According to data from Coingecko, since April 7, FEI prices have been falling sharply, and even hit the historical low of $0.734329, a drop of more than 25%. At present, it seems that FEI's goal has not been achieved, and it can be described as a bad start. Its team seems to underestimate the market participation. Not only that, many people who "hop into the project in a hurry" do not have a deep understanding of FEI's price stability "direct incentive" method. But this also shows that any newly launched Decentralized Finance (DeFi) protocol is not the only way to "easy money". From the previous situation, retail investors have realized that they must enter the market more cautiously.
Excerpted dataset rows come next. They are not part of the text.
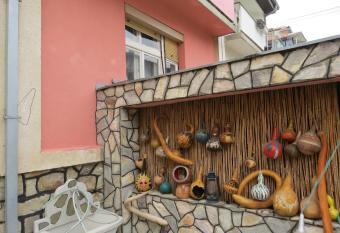 Nestorovski House has Balcony rooms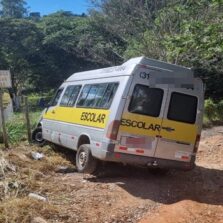 PRF recupera van de Viçosense furtada em Caratinga
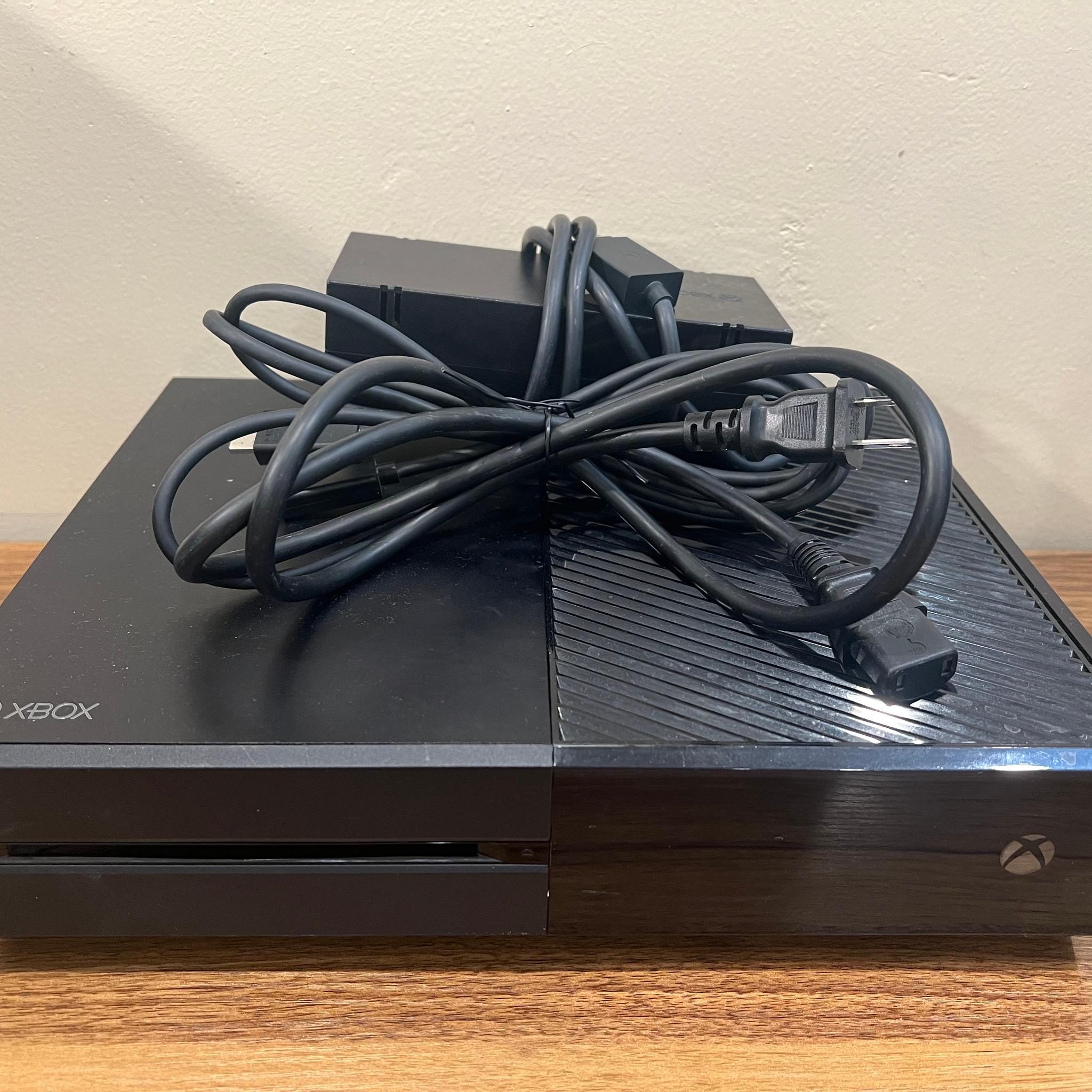 XBOX One 1TB Edition | Comes with Power Supply and HDMI Cable | Battlefront 2 Included |  Black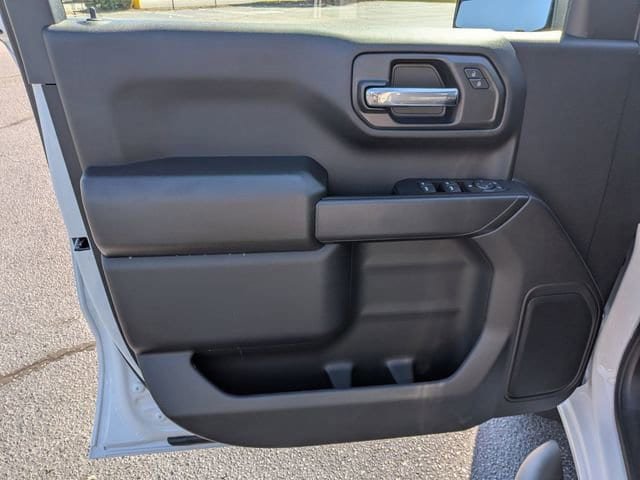 New 2026 Chevrolet Silverado 1500 Custom w/ Turbomax Blackout Package AWD/4WD image 11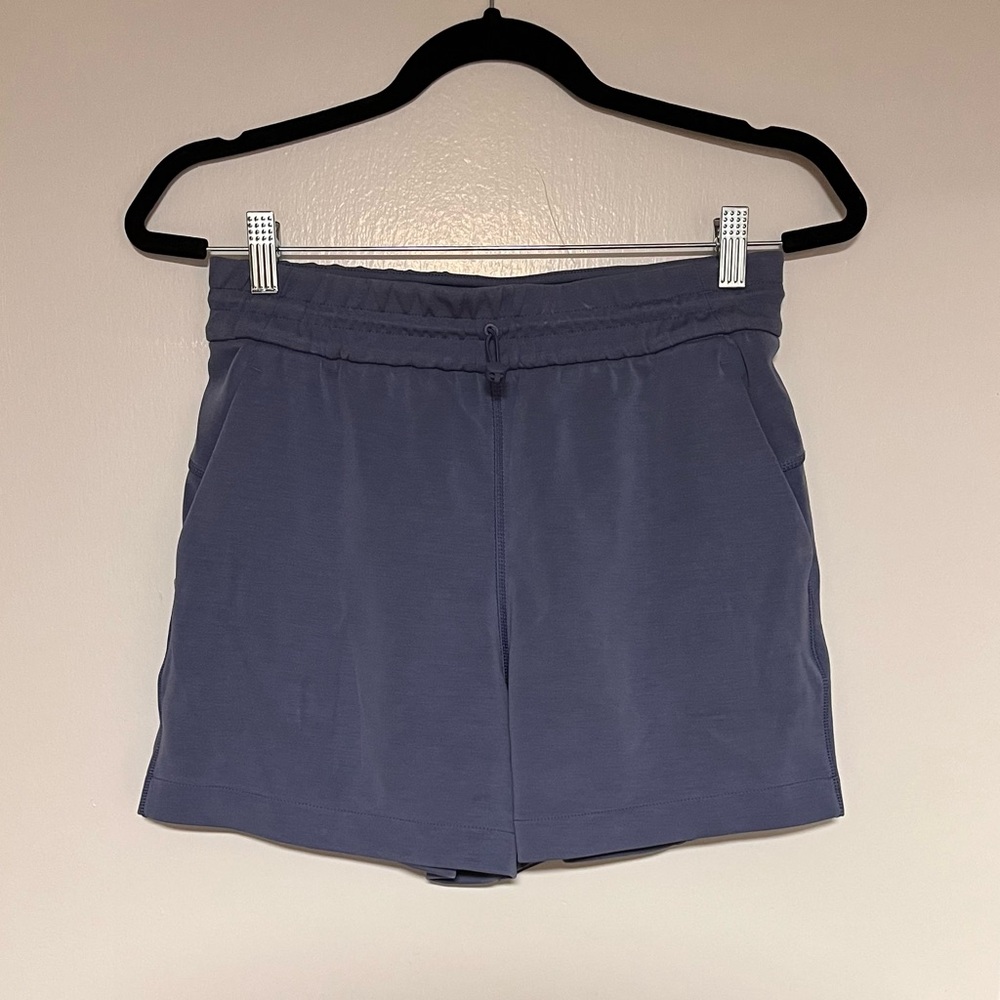 Lululemon Softstreme Shorts OASB Blue Size 6 High Rise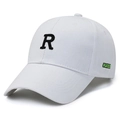 Berretto da baseball bianco con lettera R ricamata nera ed etichetta verde - Regolabile / Bianco
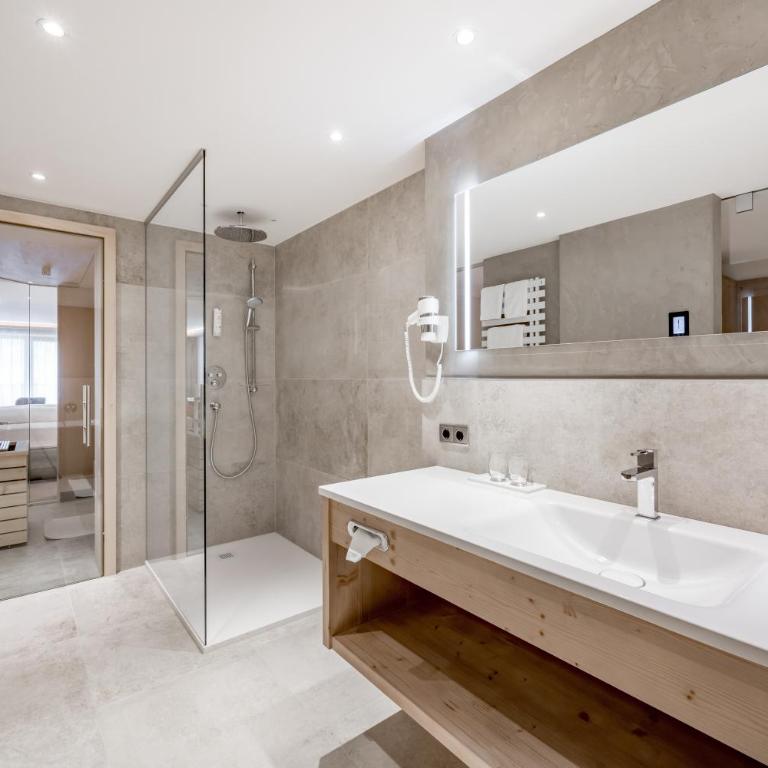Hotel Bellevue - 4 Sterne superior - Junior Suite mit Sauna - 4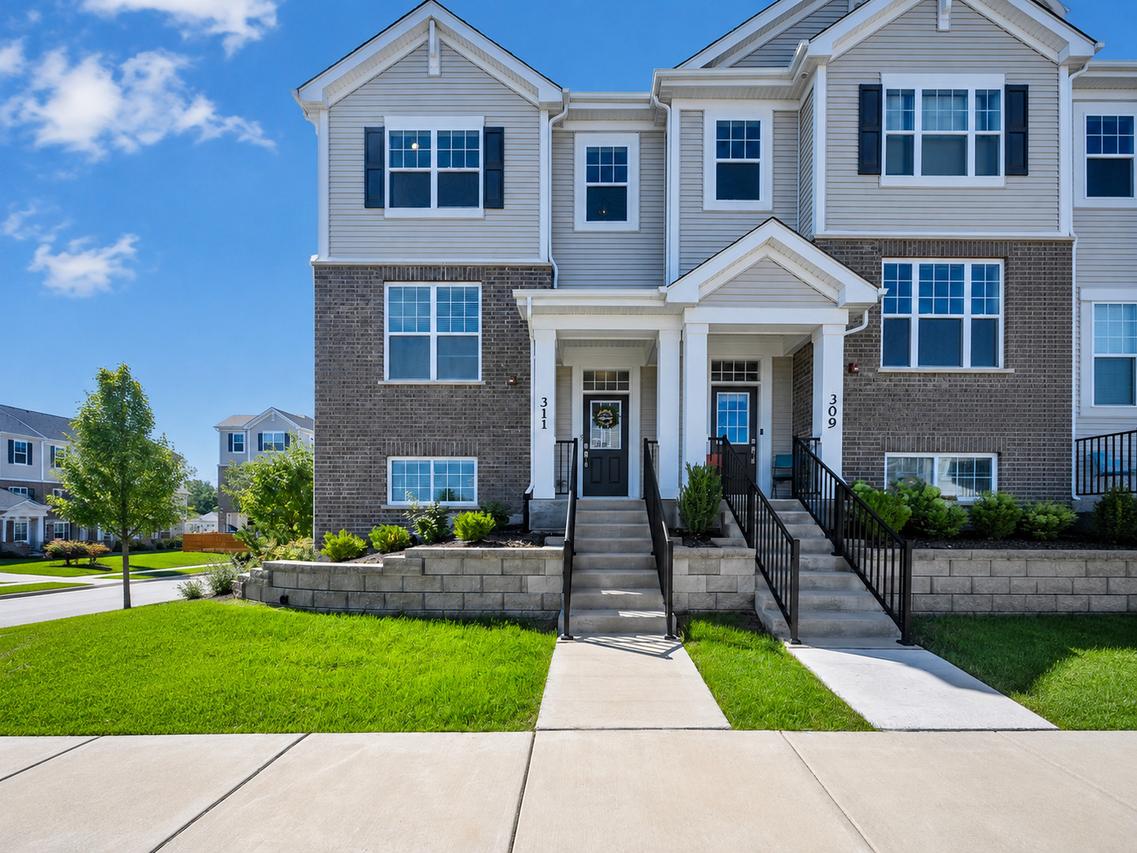 311 Timberleaf Cir., Roselle, IL 60172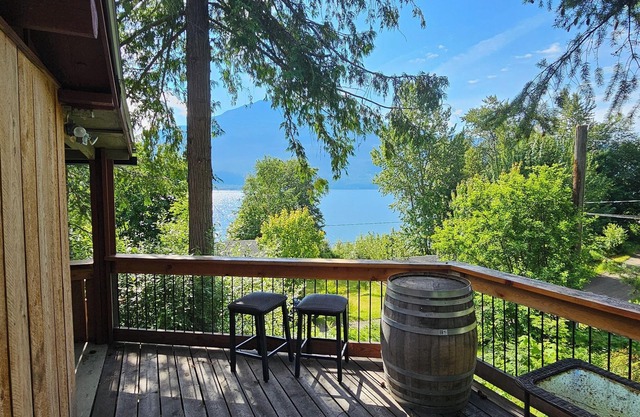 Cedar Cabin at Paradise Hills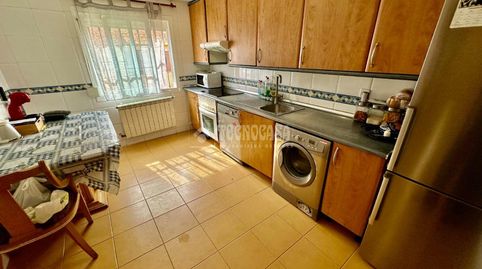 Foto 4 de Casa adosada en venta en Pioz, Guadalajara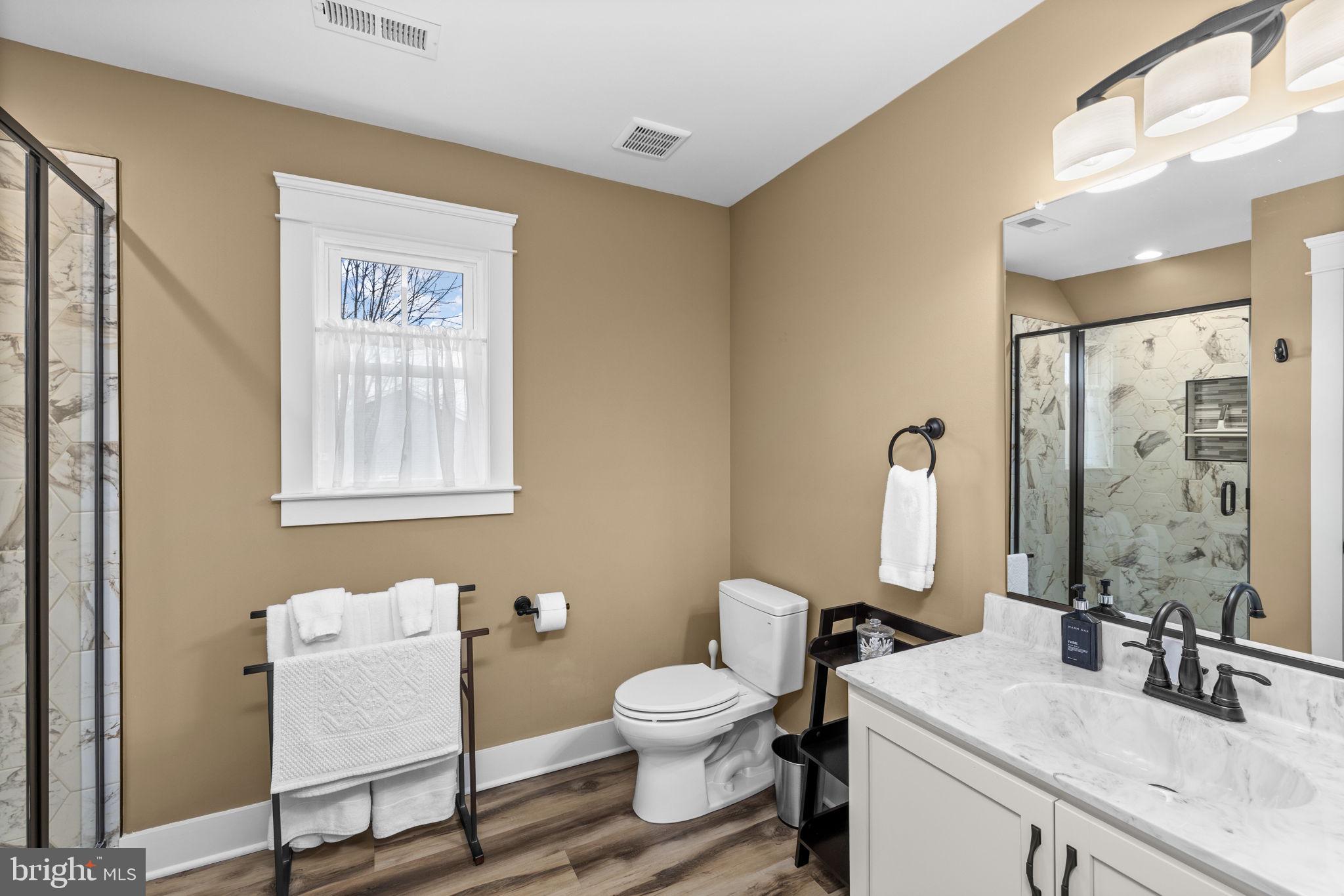 BEAR CASTLE - Residential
If you don’t focus on long-term development goals but are too eager for quick success, you will easily make mistakes in the crypto market.
How FEI works
FEI Protocol creates a system that allows users to purchase StableCoins directly from an agreement. This agreement can have the assets to purchase StableCoins, thereby creating a decentralized StableCoins model.
Simply put, the model is that the user provides 100 USD worth of ether (ETH, currently the second largest cryptocurrency by market value) to FEI Protocol under the smart contract, and this smart contract sends the value to the wallet that sends the ether. $100 FEI. There is no upper limit on the amount of FEI tokens issued. Only when the purchase of FEI occurs, the smart contract will mint FEI tokens. In other words, FEI is a kind of StableCoins that are cast on demand, not based on a preset supply. Basically, this model is not too problematic. At this stage, the basic idea of FEI is like this.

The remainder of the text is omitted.